▸ **Data provided**
----

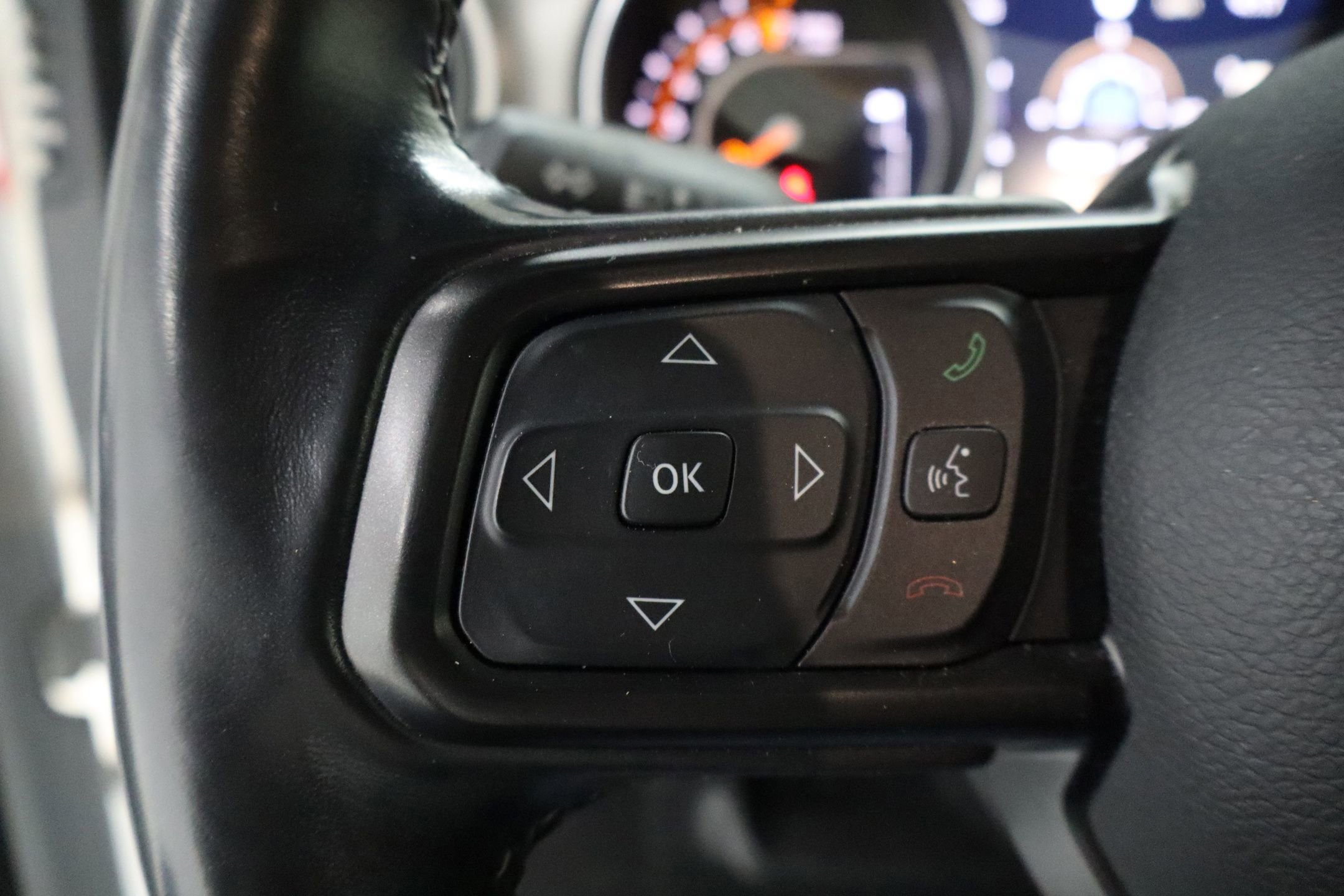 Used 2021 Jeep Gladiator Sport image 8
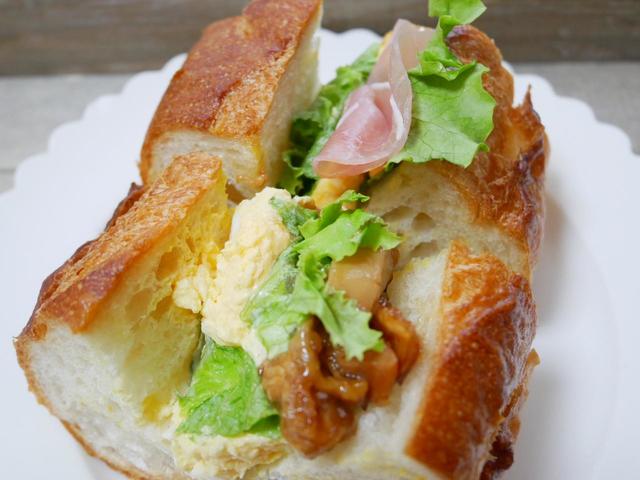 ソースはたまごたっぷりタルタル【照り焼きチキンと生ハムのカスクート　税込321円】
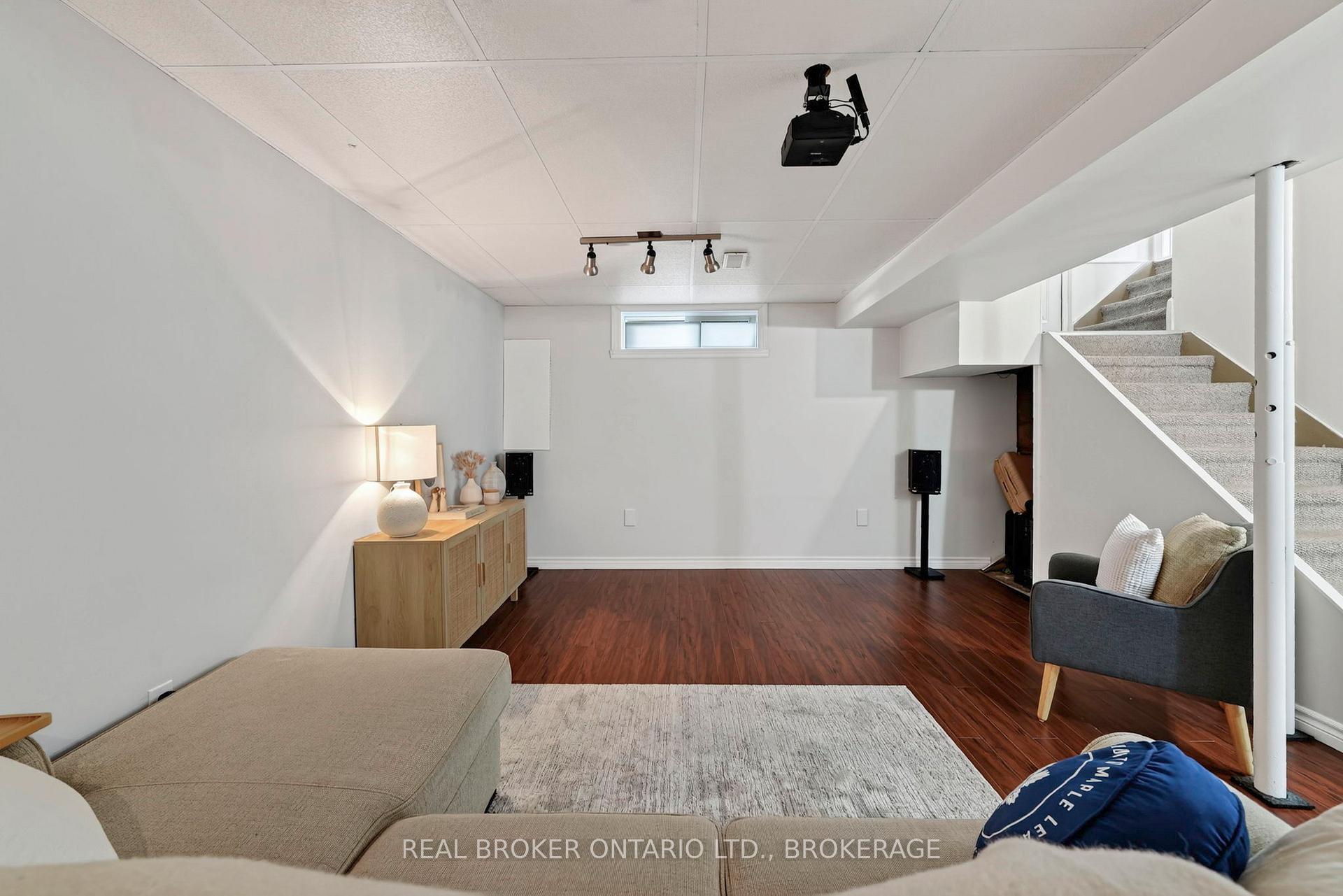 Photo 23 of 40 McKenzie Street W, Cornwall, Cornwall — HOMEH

----

▸ **Task to carry out**
Give back the whole listing exactly as it stands. No pictures belong in the copy.

▸ **Answer below**
 Used 2021 Jeep Gladiator Sport image 8
 ソースはたまごたっぷりタルタル【照り焼きチキンと生ハムのカスクート　税込321円】
 Photo 23 of 40 McKenzie Street W, Cornwall, Cornwall — HOMEH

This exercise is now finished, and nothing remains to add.